Corporal Thomas Schaefer of the Dubuque Police Department investigated the sexual abuse complaint on the day Dr. Hanson reported it. During his trial testimony Schaefer testified about his interview with S.C. and how he got her to pinpoint the time frame within which the abuse occurred, because she was initially unsure whether it had occurred in 2002 when she was in seventh grade, or in 2003 when she was in eighth grade. Bowen challenges as hearsay the following testimony by Schaefer on direct examination:

Q. Okay. At the time that you spoke with [S.C.], what in general did she tell you happened?

. . . .

A. Okay. She reported to me that at an earlier age, she was sexually assaulted at 790 West Locust Street, the residence of Reece Bowen.

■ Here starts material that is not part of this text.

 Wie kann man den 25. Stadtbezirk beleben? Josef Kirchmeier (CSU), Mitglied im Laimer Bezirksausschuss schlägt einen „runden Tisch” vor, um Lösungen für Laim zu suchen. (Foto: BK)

Q. Okay. And in the course of speaking with her, what if anything did you determine concerning the date? A. As we attempted to refine the date, she could associate the fact that it occurred when she was in the seventh grade, because she remembered that she would have had Mrs. Loeffelholz as her teacher.

At trial in mid-December 2004 S.C. could not remember whether the sexual abuse had taken place in 2002 or in 2003. She testified she could not remember what she had told Corporal Schaefer about whether she had been in the seventh grade or in the eighth grade, and could not remember whether she had told him anything about her seventh grade teacher or her eighth grade teacher.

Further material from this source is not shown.